Welcome to the trollsift documentation!

Trollsift is a collection of modules that assist with formatting, parsing and filtering satellite granule file names. These modules are useful and necessary for writing higher level applications and api’s for satellite batch processing.

The source code of the package can be found at github, github

Contents

Installation

Trollsift is available from PyPI:

$ pip install trollsift

Alternatively, you can install it into a conda environment by using the conda-forge channel:

$ conda install -c conda-forge trollsift

Or you can install it directly from the GitHub repository:

$ pip install git+https://github.com/pytroll/trollsift.git

Developer Installation

You can download the trollsift source code from github:

$ git clone https://github.com/pytroll/trollsift.git

and then run:

$ pip install -e .

Testing

To check if your python setup is compatible with trollsift, you can run the test suite using pytest:

$ pytest trollsift/tests

Usage

Trollsift include collection of modules that assist with formatting, parsing and filtering satellite granule file names. These modules are useful and necessary for writing higher level applications and api’s for satellite batch processing. Currently we are implementing the string parsing and composing functionality. Watch this space for further modules to do with various types of filtering of satellite data granules.

Parser

The trollsift string parser module is useful for composing (formatting) and parsing strings compatible with the Python Format String Syntax. In satellite data file name filtering, the library is useful for extracting typical information from granule filenames, such as observation time, platform and instrument names.

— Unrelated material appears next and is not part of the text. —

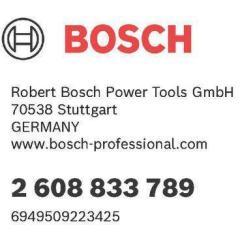 Hammerbohrer PRO SDS plus-5X - Ø 8 mm - Arbeits-L. 100 mm - Länge 160 mm SDS plus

The trollsift Parser can also verify that the string formatting is invertible, i.e. specific enough to ensure that parsing and composing of strings are bijective mappings ( aka one-to-one correspondence ) which may be essential for some applications, such as predicting granule

parsing

The Parser object holds a format string, allowing us to parse and compose strings:

>>> from trollsift import Parser
>>>
>>> p = Parser("/somedir/{directory}/hrpt_{platform:4s}{platnum:2s}_{time:%Y%m%d_%H%M}_{orbit:05d}.l1b")
>>> data = p.parse("/somedir/otherdir/hrpt_noaa16_20140210_1004_69022.l1b")
>>> print(data) 
{'directory': 'otherdir', 'platform': 'noaa', 'platnum': '16',
 'time': datetime.datetime(2014, 2, 10, 10, 4), 'orbit': 69022}

Parsing in trollsift is not “greedy”. This means that in the case of ambiguous patterns it will match the shortest portion of the string possible. For example:

>>> from trollsift import Parser
>>>
>>> p = Parser("{field_one}_{field_two}")
>>> data = p.parse("abc_def_ghi")
>>> print(data)
{'field_one': 'abc', 'field_two': 'def_ghi'}

So even though the first field could have matched to “abc_def”, the non-greedy parsing chose the shorter possible match of “abc”.

composing

The reverse operation is called ‘compose’, and is equivalent to the Python string class format method. Here we take the filename pattern from earlier, change the time stamp of the data, and write out a new file name,

>>> from datetime import datetime
>>>
>>> p = Parser("/somedir/{directory}/hrpt_{platform:4s}{platnum:2s}_{time:%Y%m%d_%H%M}_{orbit:05d}.l1b")
>>> data = {'directory': 'otherdir', 'platform': 'noaa', 'platnum': '16', 'time': datetime(2012, 1, 1, 1, 1), 'orbit': 69022}
>>> p.compose(data)
'/somedir/otherdir/hrpt_noaa16_20120101_0101_69022.l1b'

It is also possible to compose only partially, i.e., compose by specifying values for only a subset of the parameters in the format string. Example:

>>> p = Parser("/somedir/{directory}/hrpt_{platform:4s}{platnum:2s}_{time:%Y%m%d_%H%M}_{orbit:05d}.l1b")
>>> data = {'directory':'my_dir'}
>>> p.compose(data, allow_partial=True)
'/somedir/my_dir/hrpt_{platform:4s}{platnum:2s}_{time:%Y%m%d_%H%M}_{orbit:05d}.l1b'

In addition to python’s builtin string formatting functionality trollsift also provides extra conversion options such as making all characters lowercase:

>>> my_parser = Parser("{platform_name!l}")
>>> my_parser.compose({'platform_name': 'NPP'})
'npp'

For all of the options see StringFormatter.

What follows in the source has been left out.